Texas, one of America’s strictest states when it comes to the death penalty, has softened its stance in regards to how animals can be put down.
Recently, Governor Rick Perry signed into effect legislation banning the use of gas chambers that use either carbon monoxide or carbon dioxide to put down animals.
According to the American Humane Organization, animal gas chambers are inhumane methods to end an animal’s life and are also harmful to humans. Animals being put down at shelter gas chambers often stay alive for as long as 25 to 30 minutes – having to endure trauma, stress and pain throughout the process.
By contrast, lethal injections of sodium pentobarbital can cause unconsciousness in an animal within just a few seconds.
“This new law will put to an end a method of animal euthanasia that is recognized as cruel, expensive and unsafe,” Josh Havens, a spokesman for Gov. Perry stated. “By signing this bill into law, Gov.

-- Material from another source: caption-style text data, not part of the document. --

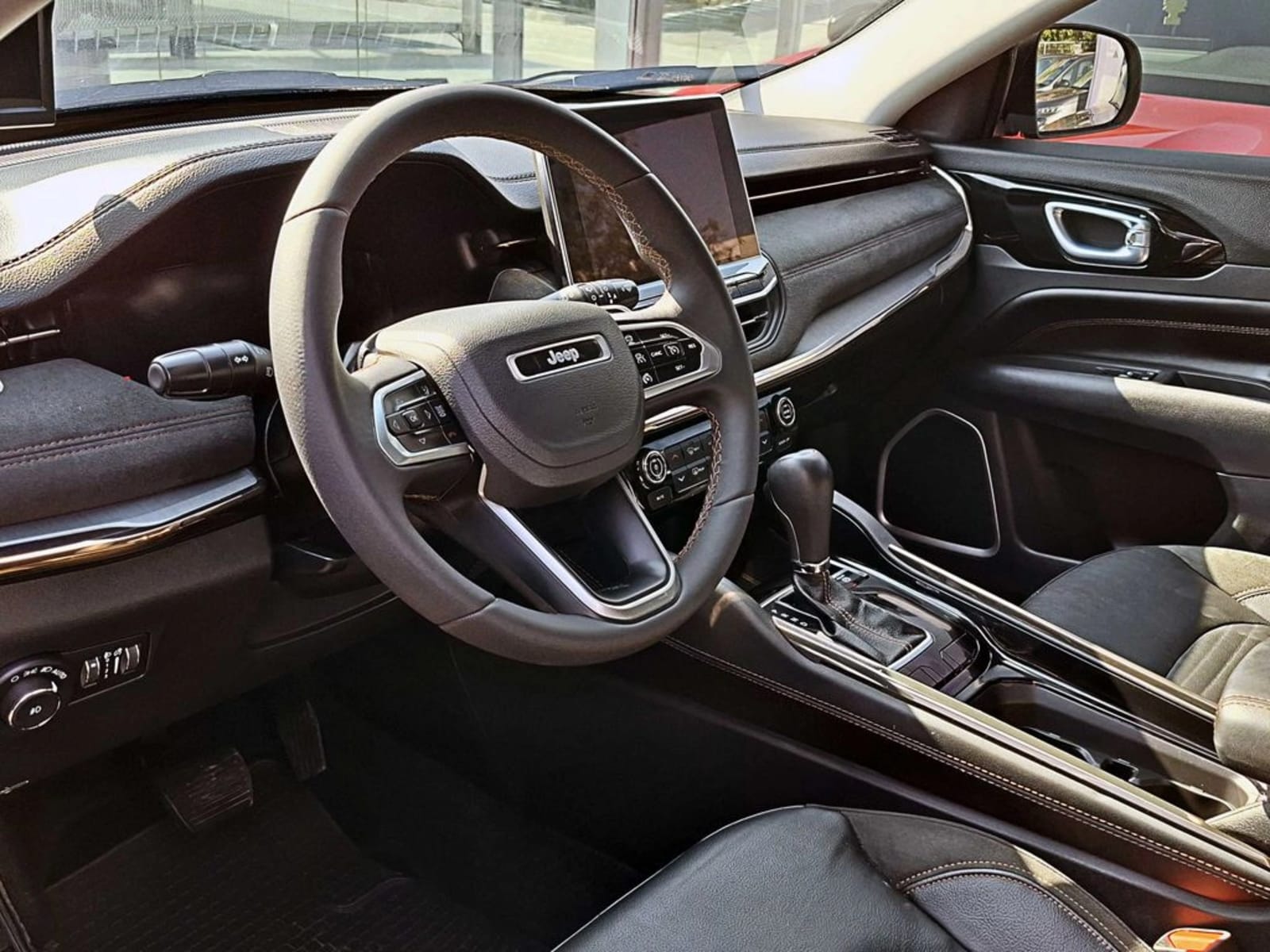 JEEP COMMANDER 1.3 LIMITED AT 2026 - Imagen 9 de 19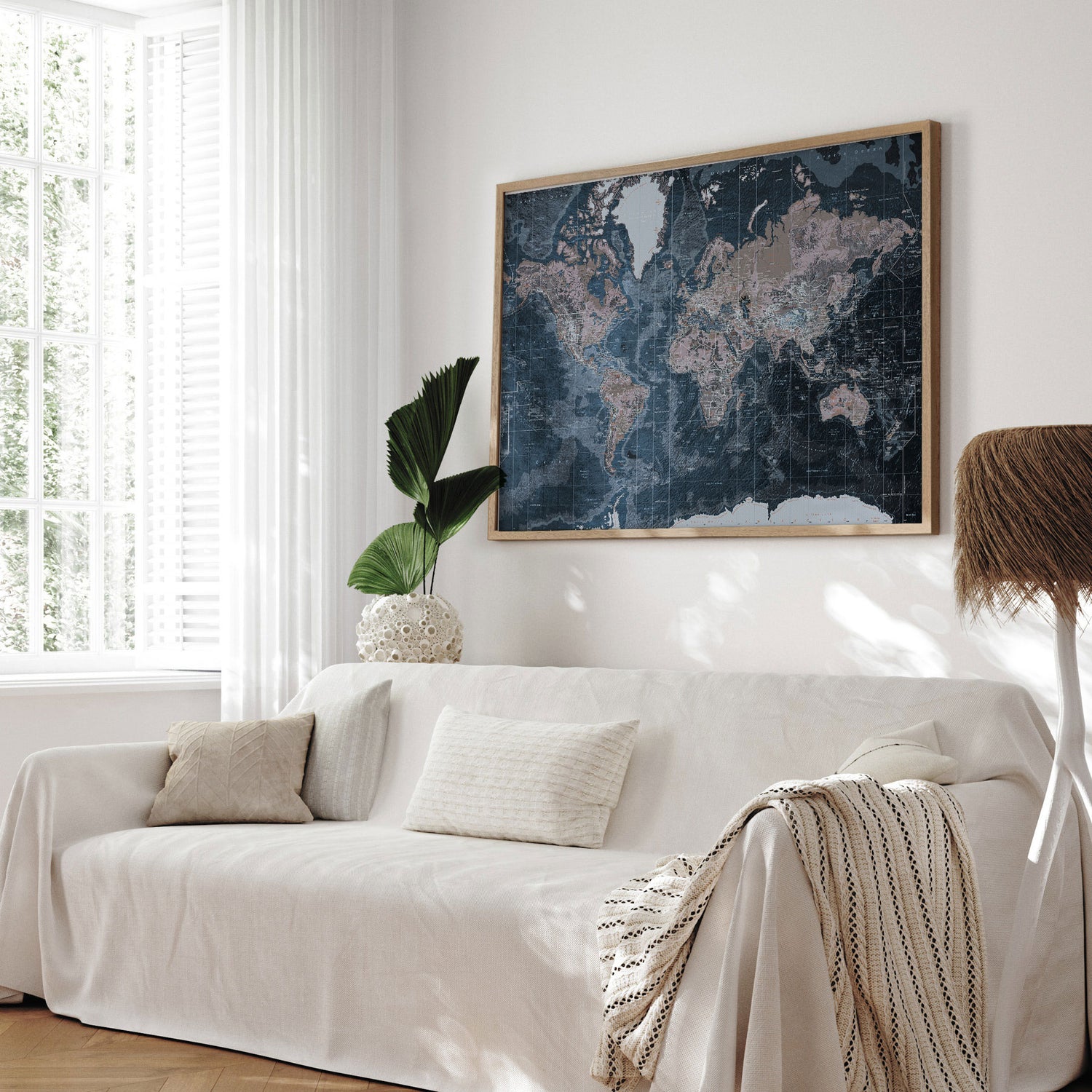 Verdenskort med egetræsramme - Modern Blue - Opslagstavle - Incado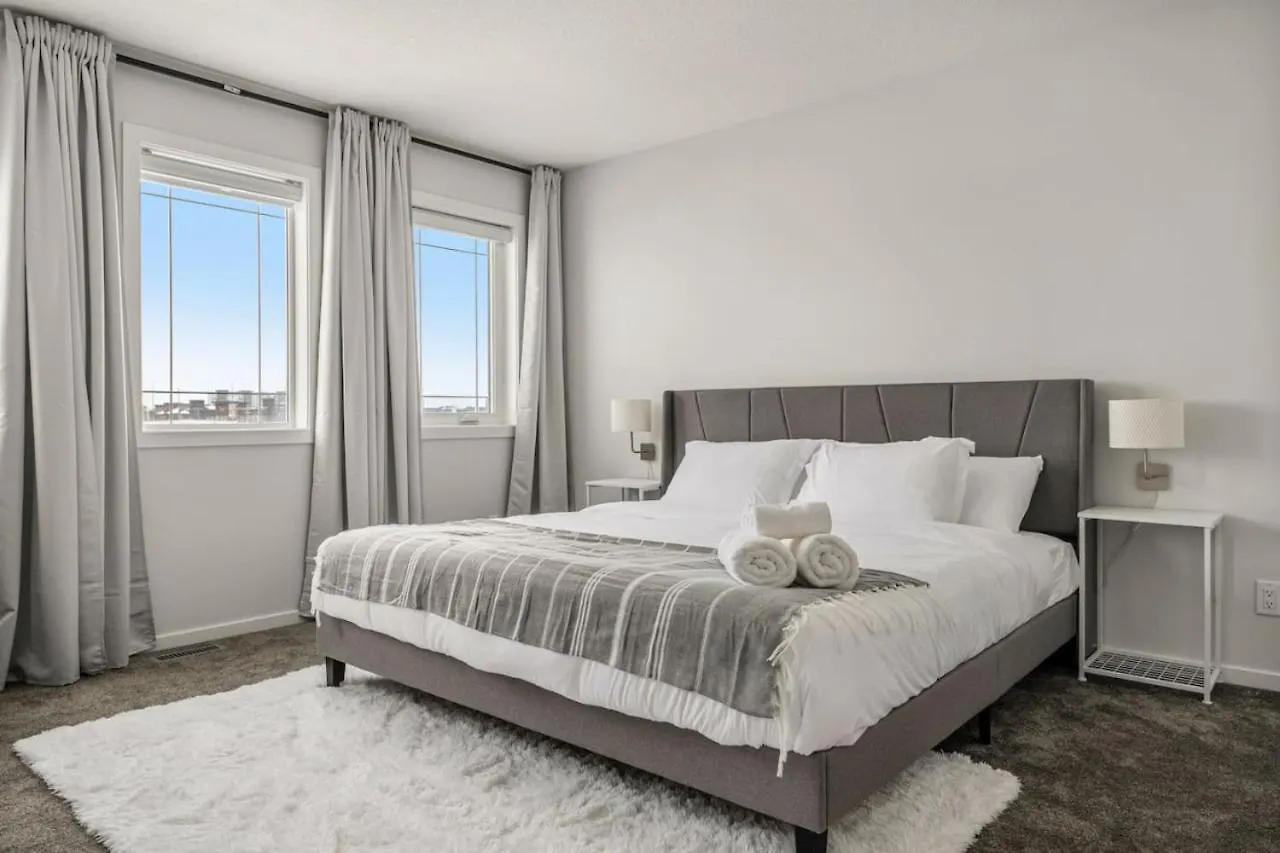 Top Rated Home With Private Garage, Near Airport, Free Banff Pass, Netflix, Sleeps 8 Calgary
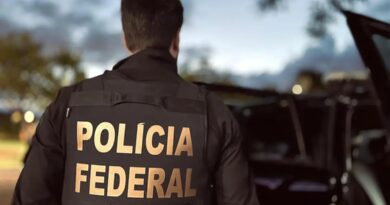 Polícia Federal faz operação contra lavagem de dinheiro de bets na Paraíba, Sergipe, Paraná, São Paulo e Rio Polícia Federal faz operação contra lavagem de dinheiro de bets na Paraíba, Sergipe, Paraná, São Paulo e Rio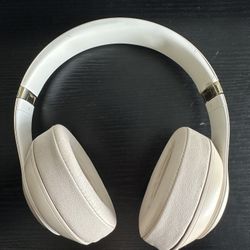 Beats Studio 3 Headphones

Perry was proud to add Texas to a growing list of states that outlaw gas chamber euthanasia for shelter dogs and stray cats.”
According to a report published by the Examiner, prior to the 2003 Texas Euthanasia Act implementing gas chambers unwanted pets could be shot, strangled, clubbed, or drowned.
Per the Humane Society of the United States, roughly three to four million cats and dogs are euthanized in shelters every year.